*** Begin section ***
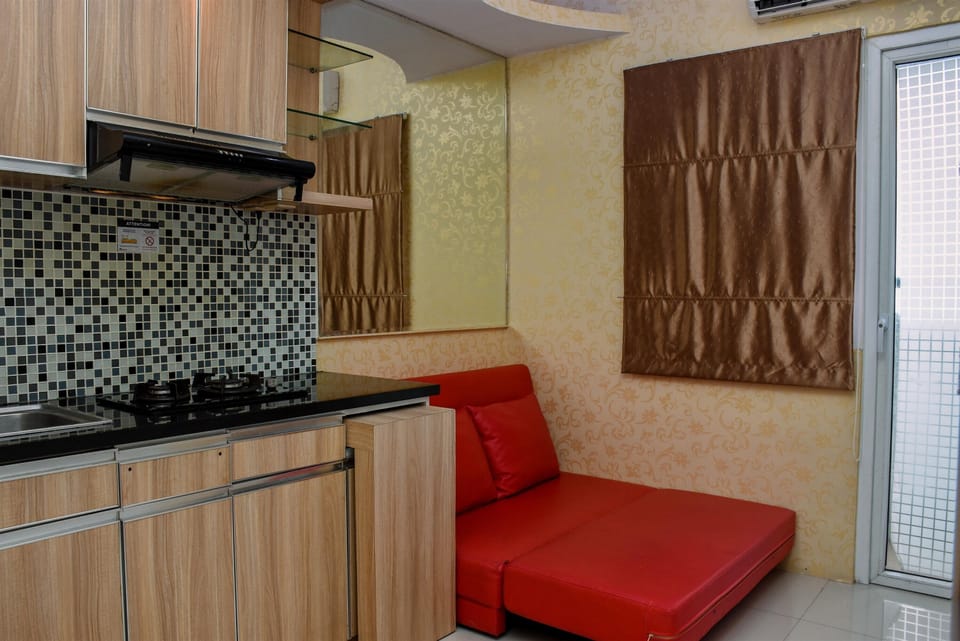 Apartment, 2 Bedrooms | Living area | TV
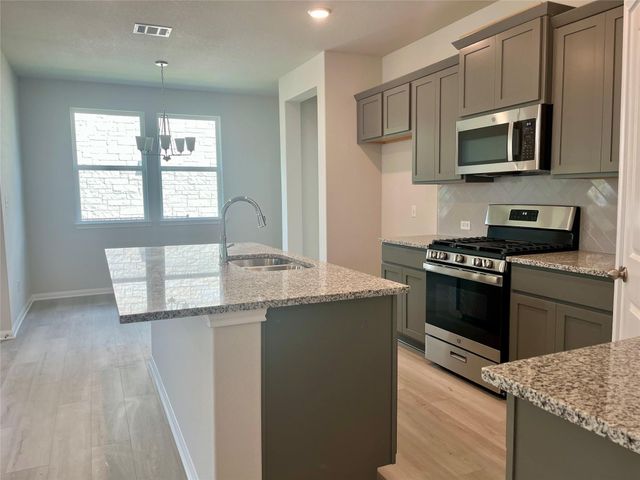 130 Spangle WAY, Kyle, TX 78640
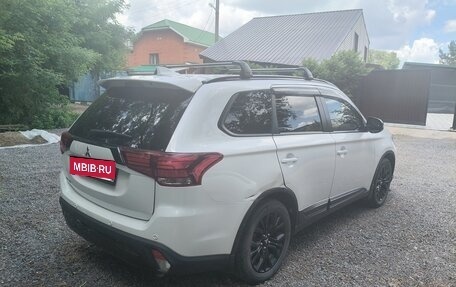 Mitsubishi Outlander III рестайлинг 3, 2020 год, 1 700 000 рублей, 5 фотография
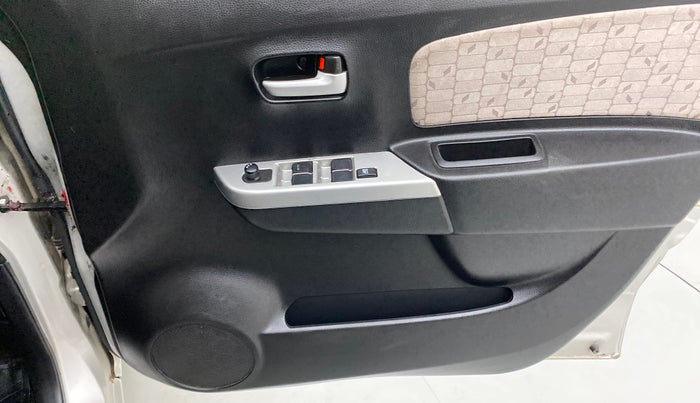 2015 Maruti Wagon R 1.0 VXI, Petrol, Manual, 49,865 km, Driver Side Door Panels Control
*** End section ***
ASSIGNED TASK: Give the data again exactly as it stands, apart from the pictures.

TASK SOLUTION:
 Apartment, 2 Bedrooms | Living area | TV
 130 Spangle WAY, Kyle, TX 78640
 Mitsubishi Outlander III рестайлинг 3, 2020 год, 1 700 000 рублей, 5 фотография
 2015 Maruti Wagon R 1.0 VXI, Petrol, Manual, 49,865 km, Driver Side Door Panels Control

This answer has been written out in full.